3. Even after Karen stated that she was only 14 years old, [Nicholson] continued questioning Karen as to whether she would be interested in having him perform oral sex on her. He then questioned whether Karen had ever touched a penis before and whether she liked it. Karen then talked about her young age and physical immaturity. [Nicholson] responded by stating that he thought girls her age were sexy and that he had sex with a young girl before. [Nicholson] then asked Karen whether she would be interested in meeting him that day. He knew of a place in Pearl City where they could be alone and they could “do it” by some trees or in his car. He stated that he would use a condom so that she wouldn’t get pregnant. Karen stated that she could not meet him that day but maybe another day.
4. [Nicholson] and Karen continued to chat on line during October of 2003. They chatted on October 18th, 27th, 28th & 29th. During these chats [Nicholson] continued to tell Karen that he wanted to meet with her and have oral sex and sexual intercourse with her. He recommended a few places where they could have sex including a park, a shopping center parking lot, a hotel room, and his own home. Karen repeatedly told [Nicholson] that she was young. [Nicholson] asked what grade she was in and after being told that she was in 7th grade he asked whether she wanted to go to college someday. [Nicholson] on more than one occasion indicated that he knew that having sexual relations with Karen would get him into trouble.
5. Nevertheless, a definite meet was set up for October 30, 2003 at 6:30 p.m. at the Burger King on Beretania Street. [Nicholson] was going to take Karen to his home to have sexual intercourse and oral sex.
6. [Nicholson] showed up at the Bere-tania Street Burger King on October 30, 2003 at 6:30 p.m. and was arrested.

II.

A.

The circuit court did not abuse its discretion in denying Nicholson’s second motion to withdraw his guilty plea. The circuit court permitted Nicholson to withdraw his *484 first guilty plea based on Nicholson’s claim that he wanted to file a motion to suppress his electronic communications with Karen on the ground that they were unlawfully “intercepted” by the State. After Nicholson’s suppression motion was denied, he pleaded guilty a second time, without a plea agreement with the State or a reservation of the right to appeal the circuit court’s pretrial rulings.

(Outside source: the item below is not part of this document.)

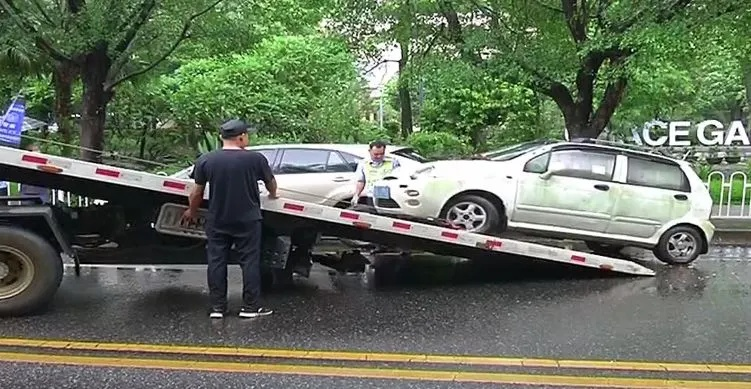 贷款车被拖走了？收到逾期拖车短信别慌，三步自救指南请收好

Prior to sentencing, Nicholson moved to withdraw his second guilty plea on the ground that he had not been aware of a potentially meritorious defense. According to Nicholson, this potentially meritorious defense was the State’s inability to prove that he “travelled] to the agreed upon meeting place” as required by HRS § 707-756(l)(c). Nicholson contended that the agreed upon meeting place was not simply Burger King, but the back tables in Burger King, and that he had only gone to the front counter of Burger King and not the back tables before he was arrested.

In denying Nicholson’s motion, the circuit court rejected Nicholson’s contention that he had a potentially meritorious defense. Based upon its review of the record, the circuit court found that the agreed upon meeting place was the Burger King, and not a particular area within the Burger King. Accordingly, the circuit court ruled that Nicholson did not provide a fair and just reason for withdrawing his second guilty plea.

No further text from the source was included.